Die Islamische Revolution 1979 will mit dem Schah brechen – allerdings nicht bei allen Themen, sagt der Soziologe Vahid Qarabagli: „Fast dreißig Prozent der iranischen Bevölkerung sprechen Türkisch. Doch in offiziellen Reden werden sie häufig als rückwärtsgewandt dargestellt. Als Menschen, die keine wahren Iraner sind. Das Regime betrachtet ethnische Vielfalt als Bedrohung für die Sicherheit. Deutlich wird diese Haltung durch rassistische Fangesänge in der Hauptstadt Teheran. Auf diese Weise werden turksprachige Iraner entmenschlicht.“
Vahid Qarabagli möchte seinen richtigen Namen nicht nennen. Als Student und Menschenrechtler ist er 2007 in die Türkei geflohen, inzwischen forscht er im kanadischen Vancouver. Seine Familie lebt im aserbaidschanisch geprägten Teil des Iran. Qarabagli hält Kontakte zu Journalisten, Anwälten und Aktivisten. Möglichkeiten für Proteste haben sie kaum, sagt Qarabagli, doch es gibt Ausnahmen: „Stadien sind soziale Treffpunkte. Gerade Tractor bietet der unterdrückten Zivilgesellschaft eine Möglichkeit. Während der Spiele fordern einige Fans die Freilassung von politischen Gefangenen. Manchmal geht es in den Gesängen um soziale und klimapolitische Themen. Zum Beispiel um den Urmiasee, der von der Austrocknung bedroht ist. Die Regierung kann Fans für Proteste jederzeit festnehmen.“
Die Anhänger von Tractor protestieren mitunter gegen das Besuchsverbot für Frauen in Stadien. Oder sie provozieren: Bezeichnen den Persischen Golf als Arabischen Golf. Oder besingen Baku und Ankara, die Hauptstädte von Aserbaidschan und der Türkei, schreibt der Soziologe Qarabagli in einem Aufsatz.

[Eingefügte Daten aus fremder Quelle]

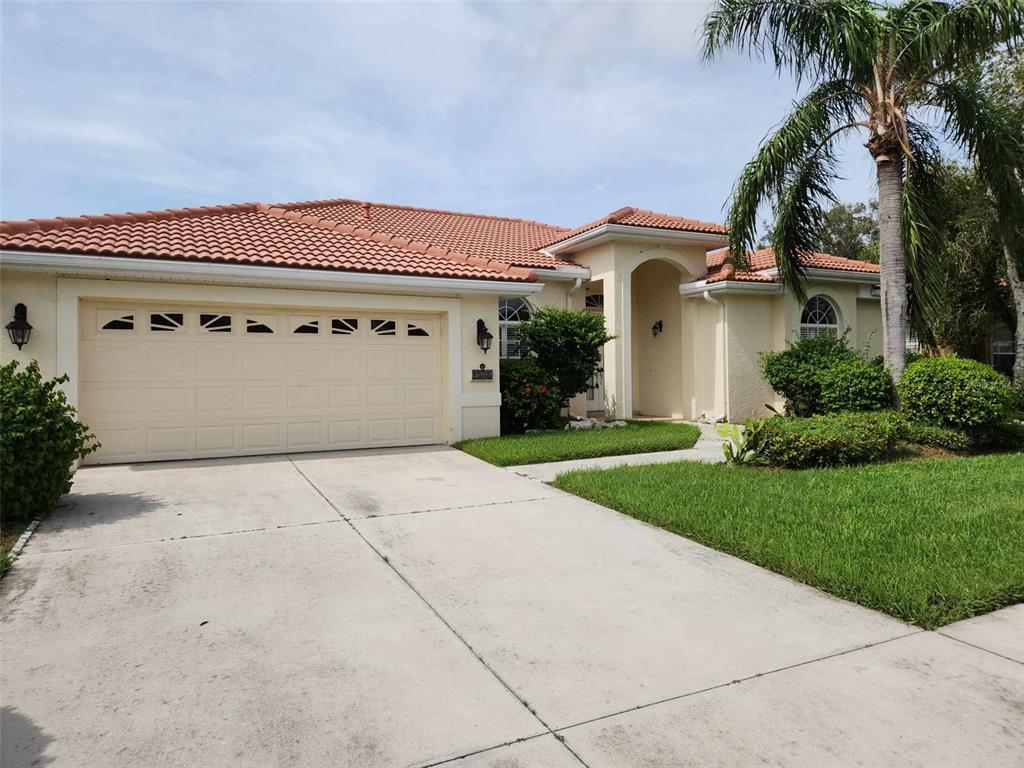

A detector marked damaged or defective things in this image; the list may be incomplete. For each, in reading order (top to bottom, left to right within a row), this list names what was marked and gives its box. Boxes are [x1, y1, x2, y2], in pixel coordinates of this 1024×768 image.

crack in concrete [288, 456, 593, 768]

Rassismus wird kaum thematisiert
Der Iran durchlebt seit der Verschärfung der US-Sanktionen 2018 eine Wirtschaftskrise, verschlimmert durch die Corona-Pandemie. Viele Iraner erwarten Reformen, stattdessen werden sie unterdrückt, sagt Bijan Djir-Sarai, außenpolitischer Sprecher der FDP-Fraktion im Bundestag: „Im Grund genommen gibt es keine Perspektive für die Menschen. Und das führt dazu, dass die Unzufriedenheit steigt, gerade in bestimmten Regionen, wo man auch glaubt, dass die Zentralregierung weit weg ist. Es gibt ja beispielsweise die Azeri im Norden. Auch die denken: Wir könnten ein besseres Leben haben. Wenn die sich den aserbaidschanischen Staat anschauen. Dort gibt es auch keine Freiheit. Aber wenn man sieht, was dort für wirtschaftliche Möglichkeiten existieren, dann fragt man sich dann schon: Ist das denn richtig, wo wir hier sind?“
Im Jahr 2010 schrieben mehr als vierzig Wissenschaftler, Journalisten und Aktivisten einen offenen Brief an den damaligen Fifa-Präsidenten Sepp Blatter. Und forderten Sanktionen für Rassismus im Umfeld von Tractor Täbris. Das Antirassismusnetzwerk Fare nahm die Anfeindungen 2017 in ein Handbuch über Diskriminierungen auf. Doch darüber hinaus passiere wenig, sagt Bijan Djir-Sarai, der seine Kindheit im Iran verbracht hat. Und er blickt auf andere Minderheiten: „Wer zur jüdischen Community gehört im Iran, der steht permanent mehr oder weniger unter Spionageverdacht. Da wird sehr genau geachtet, was machen die im Iran. Wenn sie im Ausland sind: Reisen die nach Israel, ja oder nein, welche Kontakte gibt es dort? Und wenn ich mir das Bildungssystem insgesamt anschaue, wird das aus meiner Sicht an keiner Stelle thematisiert, dass diese Minderheiten in der Form existieren.“
Auch andere Minderheiten im Iran vernetzen sich im Fußball. Der erfolgreichste Klub aber bleibt Tractor Täbris, gegründet 1970 von einem Traktorenhersteller. In mehr als fünfzig Jahren ist Tractor noch nie iranischer Meister geworden. Und viele Fans vermuten, dass das Regime das auch in Zukunft nicht zulassen wird.